### What to work on
Below this line are records; write out exactly the lines from the one containing "Imagem do produto" through the one containing "Imagen de ‘Secretos de familia’", with the pictures left out.

### Data section
----------------

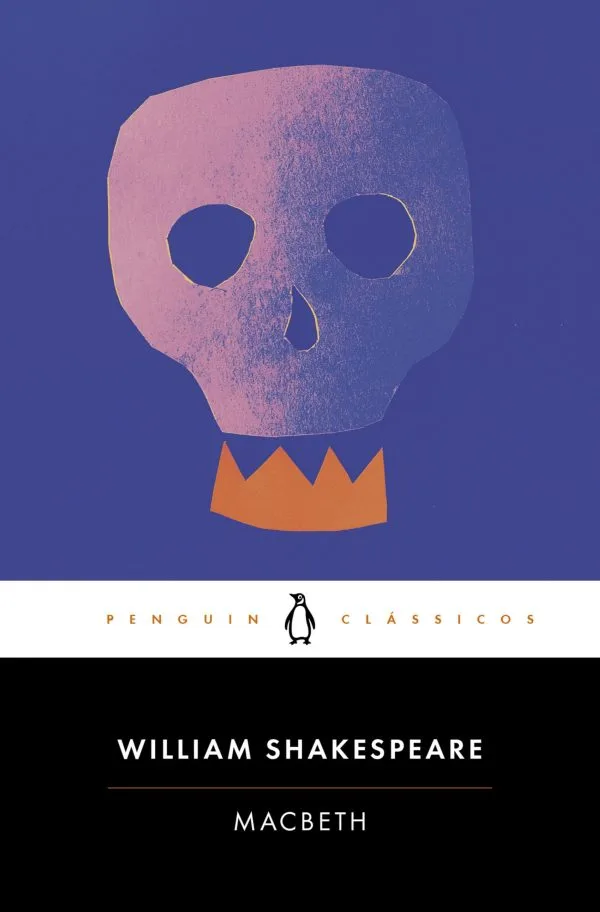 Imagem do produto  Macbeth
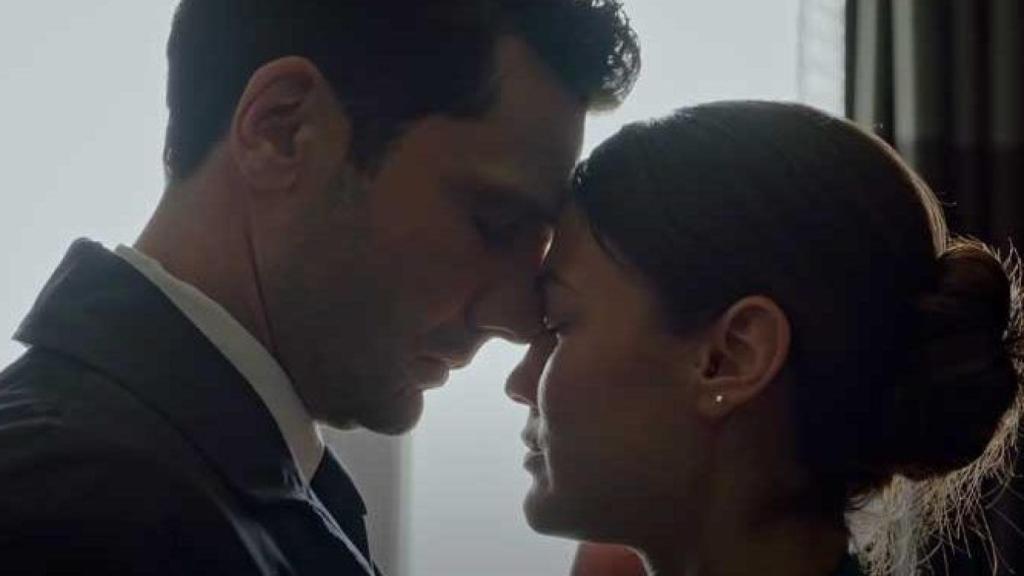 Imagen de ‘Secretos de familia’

----------------

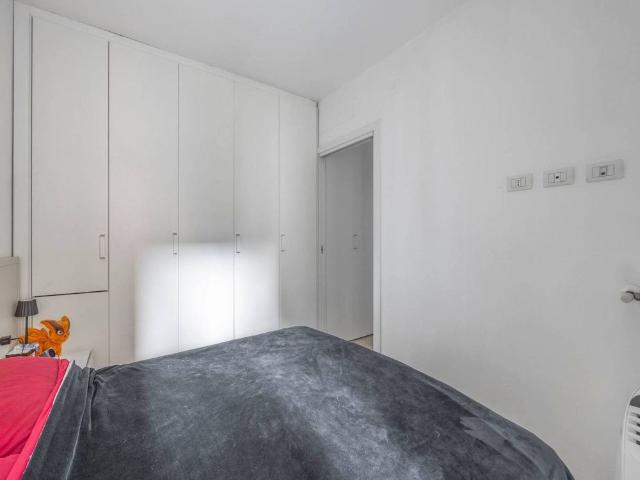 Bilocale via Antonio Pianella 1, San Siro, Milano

----------------

### Answer to the problem
 Imagem do produto  Macbeth
 Imagen de ‘Secretos de familia’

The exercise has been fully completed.